Your task:
Pictures in the entries below are excluded; copy only the lines from the one containing "班主任工作总结关注学生的心理健康与情绪管理" to the one containing "ブラウン PVC×レザ- ...", both included.

Provided information:
■ ■ ■ ■ ■
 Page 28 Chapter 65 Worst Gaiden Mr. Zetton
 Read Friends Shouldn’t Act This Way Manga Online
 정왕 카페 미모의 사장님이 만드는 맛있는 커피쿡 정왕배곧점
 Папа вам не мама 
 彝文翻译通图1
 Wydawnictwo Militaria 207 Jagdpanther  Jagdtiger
■ ■ ■ ■ ■
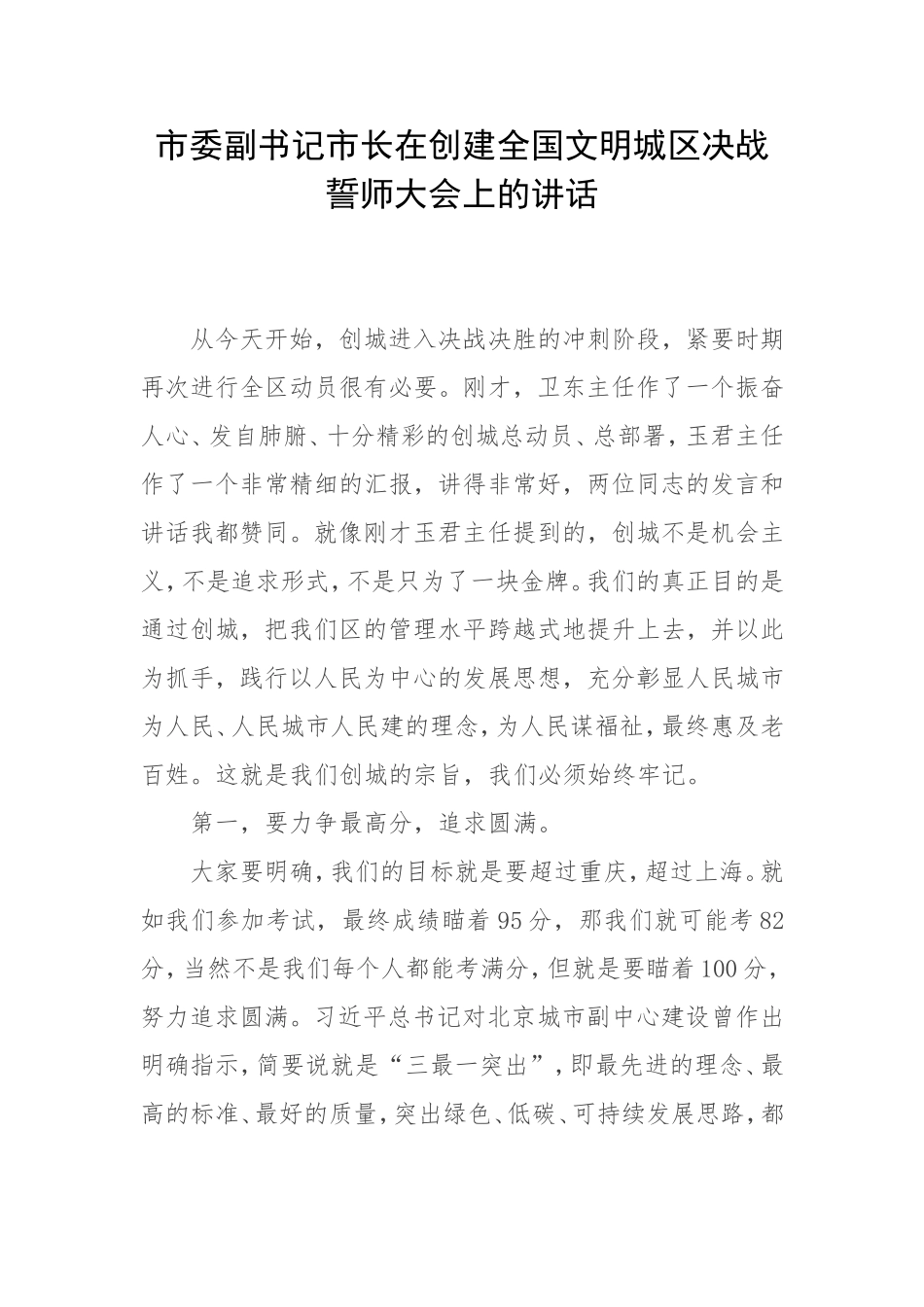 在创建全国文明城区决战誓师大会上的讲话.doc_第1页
■ ■ ■ ■ ■
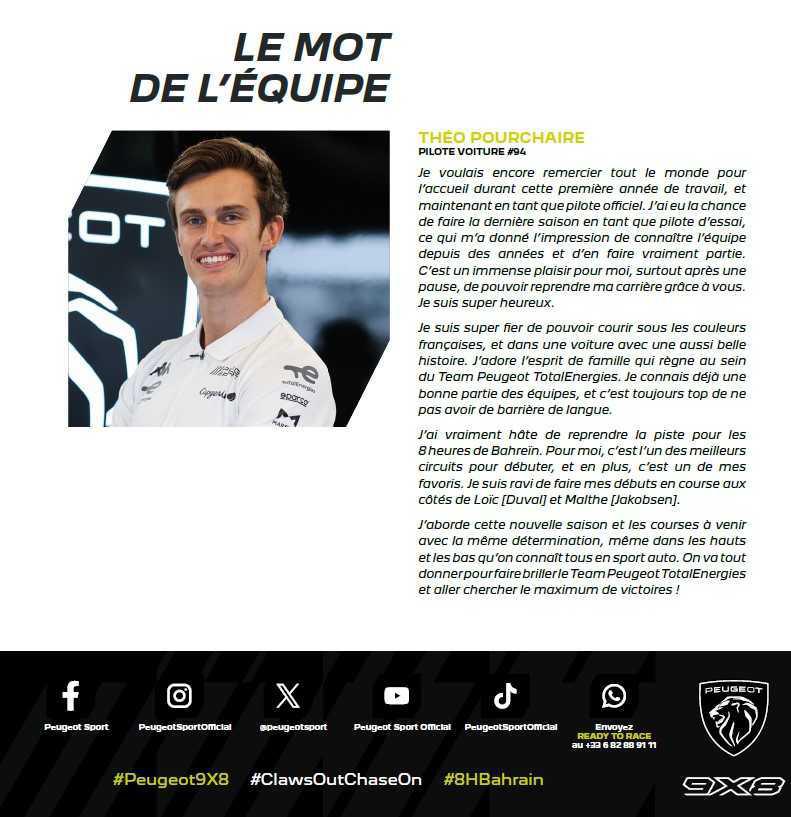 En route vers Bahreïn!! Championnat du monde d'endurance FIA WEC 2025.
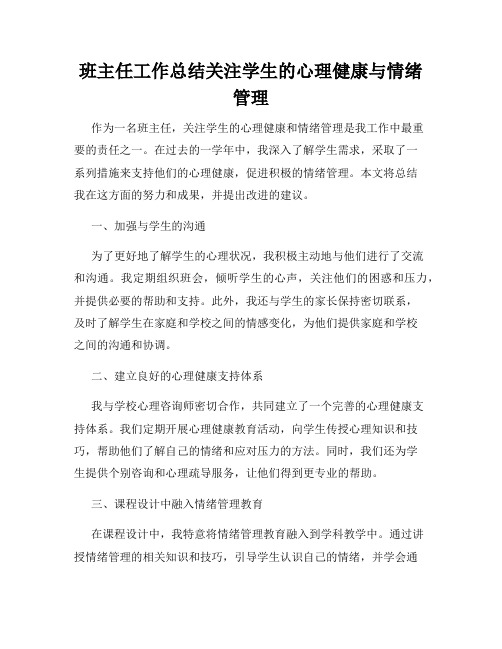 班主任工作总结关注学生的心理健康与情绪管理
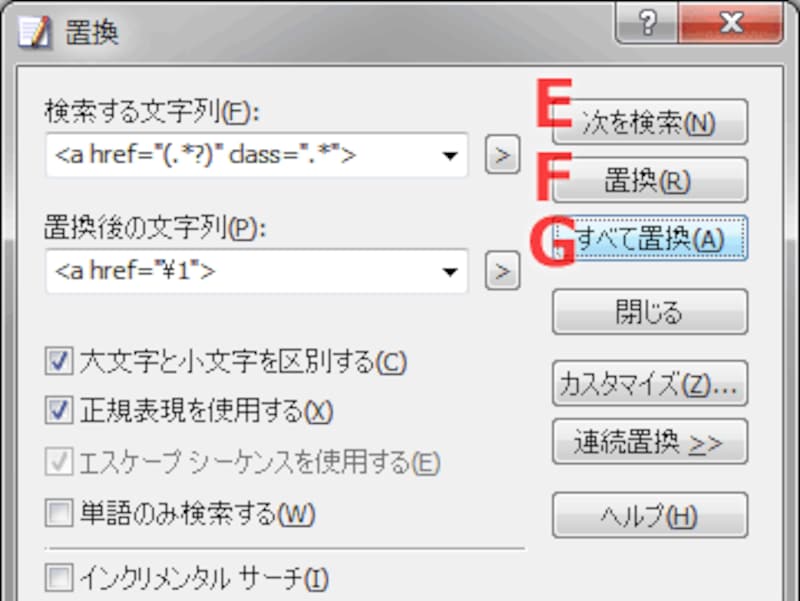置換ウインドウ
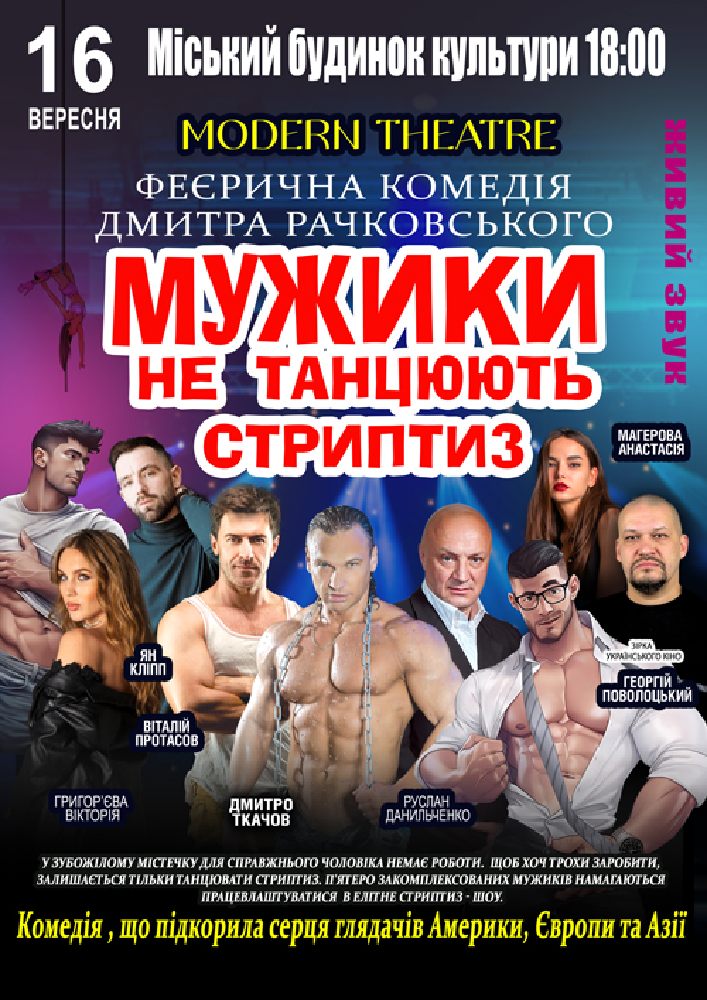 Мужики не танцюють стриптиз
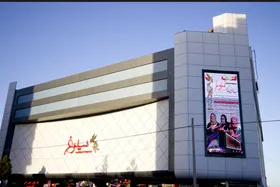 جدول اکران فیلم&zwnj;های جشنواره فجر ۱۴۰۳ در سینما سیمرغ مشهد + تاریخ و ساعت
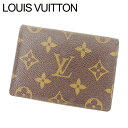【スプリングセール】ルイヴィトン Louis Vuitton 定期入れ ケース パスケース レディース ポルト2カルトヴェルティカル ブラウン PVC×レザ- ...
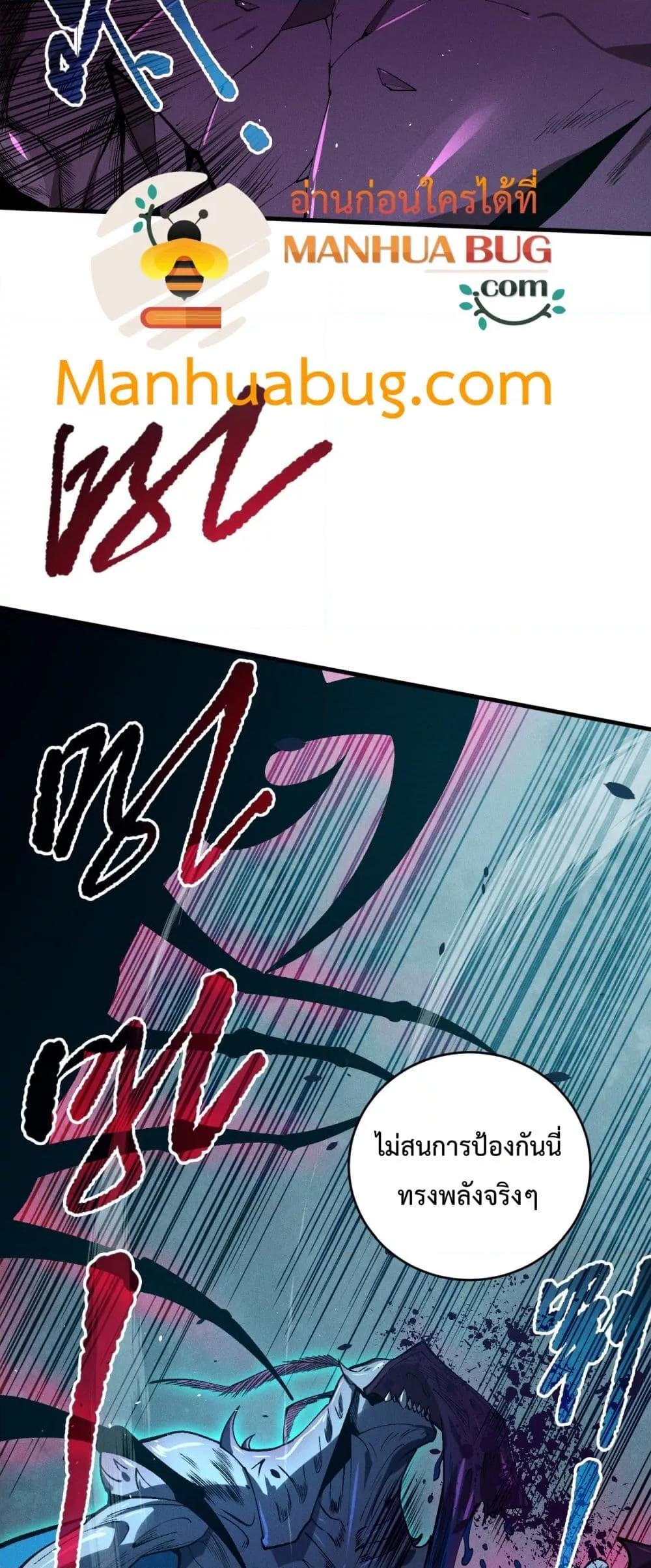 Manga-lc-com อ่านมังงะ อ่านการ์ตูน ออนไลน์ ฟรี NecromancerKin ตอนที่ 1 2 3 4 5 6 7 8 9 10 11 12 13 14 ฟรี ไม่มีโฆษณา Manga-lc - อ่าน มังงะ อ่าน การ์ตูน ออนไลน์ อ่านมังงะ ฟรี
■ ■ ■ ■ ■
Answer box:
 班主任工作总结关注学生的心理健康与情绪管理
置換ウインドウ
 Мужики не танцюють стриптиз
 جدول اکران فیلم&zwnj;های جشنواره فجر ۱۴۰۳ در سینما سیمرغ مشهد + تاریخ و ساعت
【スプリングセール】ルイヴィトン Louis Vuitton 定期入れ ケース パスケース レディース ポルト2カルトヴェルティカル ブラウン PVC×レザ- ...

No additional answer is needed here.